L’Azienda USL della Valle d’Aosta potenzia la medicina di precisione grazie all’introduzione, nei laboratori dell’Ospedale regionale Umberto Parini, di un nuovo sequenziatore di DNA e RNA di ultima generazione, capace di ampliare e rendere ancora più accurata la profilazione molecolare in ambito oncologico, ossia l’analisi molecolare per la ricerca di alterazioni del DNA e RNA nelle cellule del tumore.
Il sequenziatore è stato installato nel Laboratorio di Biologia Molecolare, dove la profilazione molecolare è attiva dal 2018. La nuova strumentazione consente di analizzare un numero sempre maggiore di geni coinvolti nello sviluppo dei tumori, potenziando in modo decisivo la medicina personalizzata a beneficio dei pazienti oncologici.
In sei anni, al Parini sono stati profilati circa 750 pazienti ed effettuati 1380 esami, con un’attività in costante crescita grazie all’introduzione di tecniche di sequenziamento genetico sempre più avanzate. Dal 2021, l’introduzione di pannelli multigenici per i tumori solidi ha rappresentato un ulteriore salto di qualità nella diagnostica molecolare, ampliando significativamente la capacità di analisi del laboratorio.
Ogni anno sono analizzati centinaia di tumori solidi, tra cui quelli di polmone, colon-retto, melanoma, colangiocarcinoma ed endometrio.

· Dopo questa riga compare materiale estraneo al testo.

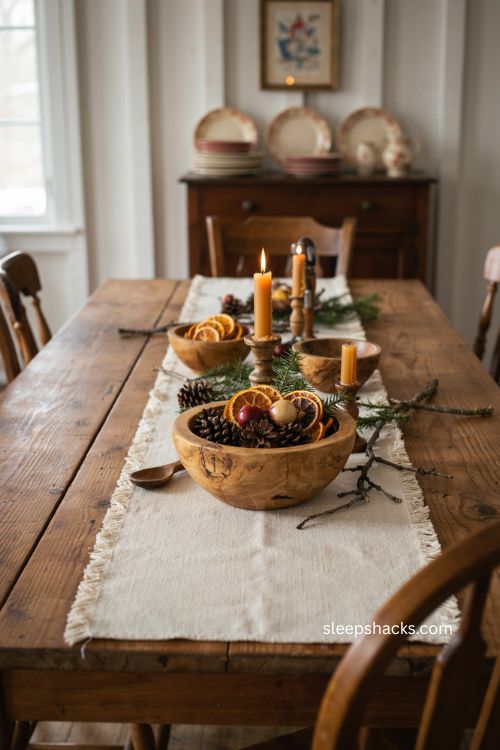 primitive Christmas wooden bowl centerpiece with pinecones dried oranges and treenware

Grazie al nuovo sequenziatore NGS, il laboratorio è ora in grado di ottenere informazioni utili anche per ulteriori tipologie tumorali, offrendo in particolare nuove indicazioni terapeutiche per alcune forme di tumore al seno che non rispondono più ai trattamenti iniziali.
Per comprendere davvero un tumore è necessario decifrarne l’architettura molecolare. Il sequenziamento di nuova generazione (NGS) del DNA/RNA consente di analizzare in modo sistematico le alterazioni genetiche del tessuto neoplastico.

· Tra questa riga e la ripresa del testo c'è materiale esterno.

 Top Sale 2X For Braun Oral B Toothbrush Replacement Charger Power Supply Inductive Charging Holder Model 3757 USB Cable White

Queste informazioni permettono di delineare il comportamento biologico della neoplasia e di individuare potenziali bersagli terapeutici. È un approccio fondamentale della medicina di precisione, perché orienta la scelta delle terapie più efficaci in base alle alterazioni profilo molecolari specifiche del tumore. L’analisi viene eseguita su campioni ottenuti tramite biopsie tissutali oppure mediante un prelievo di sangue dal quale viene isolato il DNA tumorale circolante (ctDNA), rilasciato dalle cellule neoplastiche nel flusso sanguigno. I dati prodotti dal sequenziamento vengono elaborati tramite software bioinformatici dedicati e interpretati da biologi molecolari per ottenere un’analisi di profilo mutazionale accurata. Successivamente, gli oncologi interpretano i risultati alla luce del quadro clinico del paziente, con l’obiettivo di individuare bersagli terapeutici specifici e potenzialmente azionabili, utili per la scelta di trattamenti personalizzati. Ogni tumore è unico anche quando la diagnosi ha lo stesso nome: identificando mutazioni e biomarcatori fondamentali per la scelta di trattamenti specifici, possiamo offrire cure più efficaci e con minori effetti collaterali».

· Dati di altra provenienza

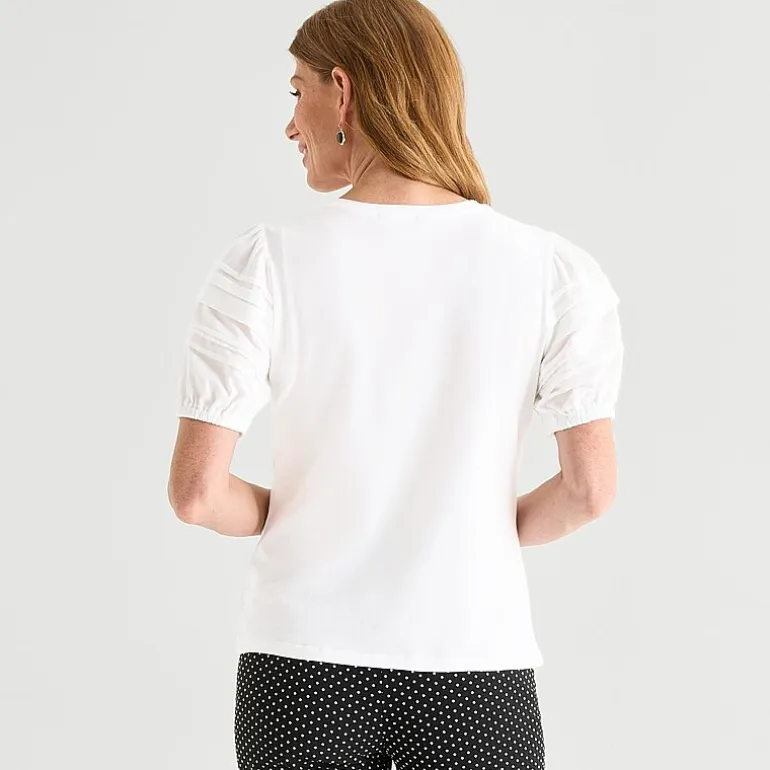 Liz Claiborne Womens Round Neck Short Sleeve Blouse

L’attività si basa su un approccio multidisciplinare che coinvolge clinici, patologi, biologi molecolari e tecnici di laboratorio, impegnati fianco a fianco nella produzione di referti dettagliati e clinicamente rilevanti. L’équipe opera inoltre in collaborazione con la Rete Oncologica del Piemonte e della Valle d’Aosta, contribuendo all’applicazione di protocolli condivisi a livello sovraregionale per garantire uniformità nei percorsi diagnostico-terapeutici e l’accesso dei pazienti valdostani alle più moderne strategie di medicina di precisione.
Il laboratorio è una struttura diagnostica accreditata e utilizza metodiche conformi alla normativa europea CE-IVDR per la diagnosi molecolare. I test eseguiti sono certificati e validati secondo questi standard e integrati nei percorsi clinici ospedalieri, con referti direttamente utilizzabili per la presa in carico terapeutica.